John Merchant- 09-16-2008
Here you go:
http://www.youtube.com/watch?v=39fih1lFzmI
This was made a few years ago with our older camera so the quality is not as good, but you get the idea.
It probably would sound better with some registers, which the APP scale does have. The only register control it currently has is through draw stops. Trombones, I believe, are played in the lowest octave+ of the scale, so they're separate from the bass flutes. It, however, doesn't have a separate countermelody section, so that's what separates it from most other large band organs.
Andrew Barrett- 09-18-2008
Thank you for the video!
I realize about the countermelody section; however, if the right kind of pipes are allocated in the range where countermelodies are typically played (usually in the octave or so below middle C), then they can still be heard clearly.
The arrangers for APP rolls, after all, knew that the pianos had no separate countermelody section, and arranged the music accordingly. Often in a march arrangement, you will hear the baritone or trombone counter-melody part as an octave tremolo in the tenor range. How well this would sound on pipes is open to debate.
If you look at some fairground organ scales, the "countermelody" section doesn't really overlap the melody section that much except in the case of countermelody ranks pitched an octave higher, which do overlap. Typically, the organ's musical sections more-or-less adjoin each other if taken in the context of the piano keyboard.

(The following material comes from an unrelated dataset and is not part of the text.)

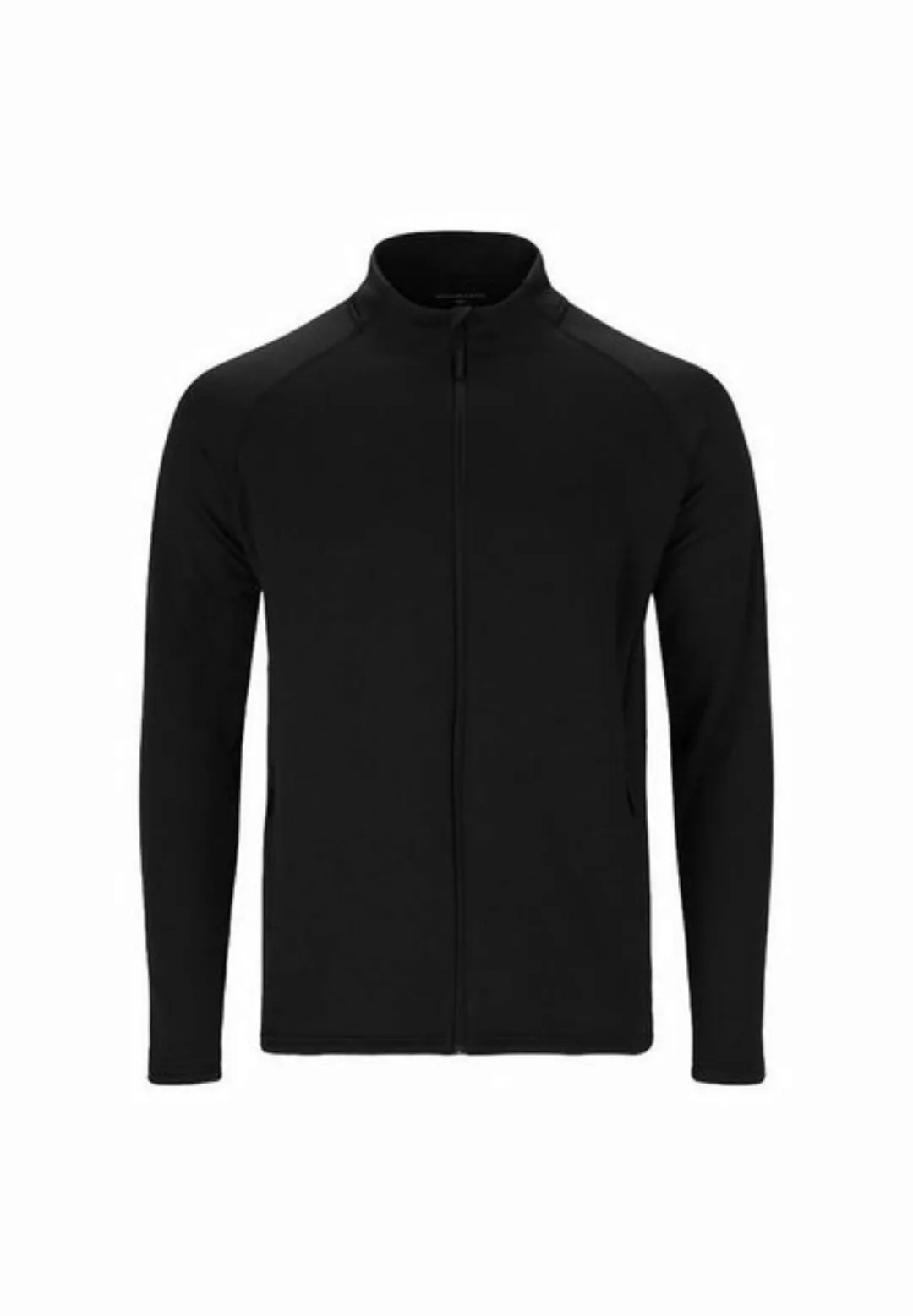 ENDURANCE Fleecejacke günstig online kaufen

Taking a look at the 87-key Gavioli scale, for instance, the scale is more-or-less continuous, diatonically, from the lowest bass note to the highest piccolo. The countermelody section overlaps the octave (4') bass pipes and the lower accompaniment notes, but if the upper octave bass helpers could be turned off so only the lowest octave of pipes sound, the counter-melody would be the only section playing in that range.
Now, in most organs, the countermelody DOES overlap the accompaniment section. However, this section is not taken seriously by most arrangers and is used for one purpose only: soft background chords. In fact, the pipes are voiced deliberately to be soft and indistinct so that they do not distract from the melody and counter-melody sections. This seems quite a waste to me that even very large organs do not have separate registers for ranks in the accompaniment section, to allow an alto line to be brought out, separate from the tenor (countermelody) and soprano (melody) lines dominating the ensemble.
Instruments such as the viola, "French" horn (orchestra), alto horn, and alto clarinet (band) all play these kind of lines in actual band and orchestra music.
Now, I like the sound of this Wurlitzer organ, but I think it would sound better if it had regular quieter stopped flutes as a foundation instead of large-scale Caliola open flutes, which tend to dominate the ensemble. Perhaps if another one were built, they would have done this.